The most expensive unbounded phase in SoC design is the one before synthesis: architects evaluating millions of configuration combinations against competing power, performance, area, and time-to-market objectives, with each candidate requiring manual handoff to implementation and verification teams to estimate feasibility. Defacto Technologies and CEA just shipped SoC PLANNER to early adopters, and the core claim is straightforward: give the tool your KPIs and parameter ranges, get back Pareto-optimal configurations with RTL included. No iteration loop. No cross-team ping-pong. 30-40 percent reduction in exploration time on the two use cases documented.
The architecture integrates three components. CEA's A-DECA handles automated design space exploration across the full configuration space, running multi-objective analysis to identify the Pareto frontier on area, latency, power, and energy efficiency. Defacto's SoC Compiler takes those configurations and generates the RTL directly, ready for synthesis and simulation. Innova's PDM manages the project and EDA flow coordination. The flow covers the complete upstream pre-synthesis design chain: architectural exploration through RTL generation, in a single platform. One additional metric is unique in the space: every configuration gets an eco-design footprint score, making sustainability a first-class design parameter alongside PPA rather than a post-hoc audit.

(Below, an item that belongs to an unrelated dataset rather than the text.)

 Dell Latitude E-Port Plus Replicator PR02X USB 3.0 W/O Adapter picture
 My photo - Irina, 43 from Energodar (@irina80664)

The beneficiary is the team running complex automotive, HPC, or AI SoC projects where manual exploration across millions of configurations is a multi-month activity staffed by senior architects. The loser is the current workflow, where the bottleneck between product requirements and tape-out schedule is a human expert with a spreadsheet. A 30-40 percent cycle reduction at this phase compounds through the downstream schedule. The open question is coverage: the two use cases shown (a neural network edge accelerator and an HPC SoC subsystem) are clean architecture-exploration problems. SoC PLANNER reaches early adopters now; how it handles the messy real-world IP integration constraints that dominate most production SoC projects will determine whether the headline numbers hold outside the lab.